Problem to work on:
An exact transcription is needed, beginning at the line with "Golden arched full-length" and ending at the last line of the listing, with pictures left out and nothing else added.

Supplied material:
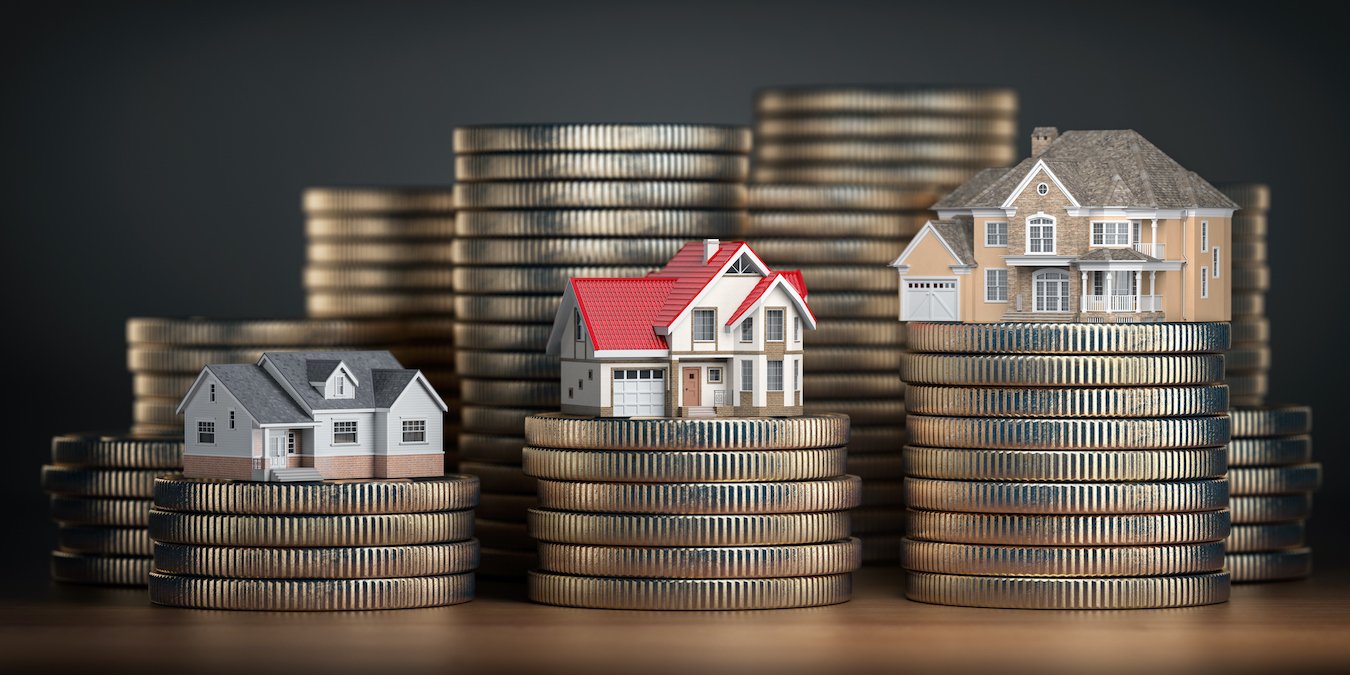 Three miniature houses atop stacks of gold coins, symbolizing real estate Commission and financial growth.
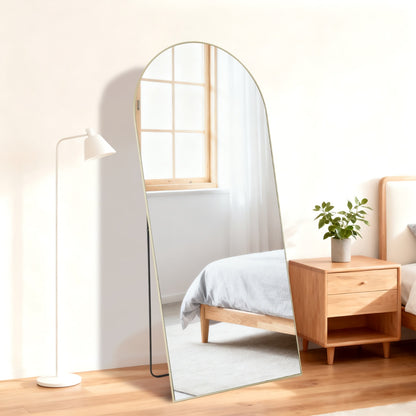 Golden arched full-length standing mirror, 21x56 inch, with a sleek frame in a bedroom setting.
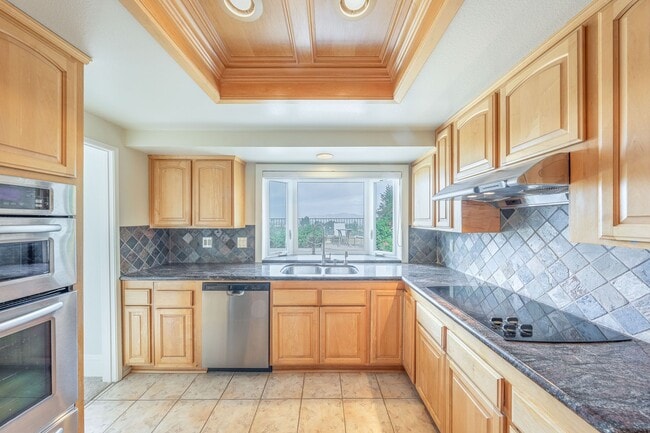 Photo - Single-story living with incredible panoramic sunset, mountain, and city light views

Answer for the task:
 Golden arched full-length standing mirror, 21x56 inch, with a sleek frame in a bedroom setting.
 Photo - Single-story living with incredible panoramic sunset, mountain, and city light views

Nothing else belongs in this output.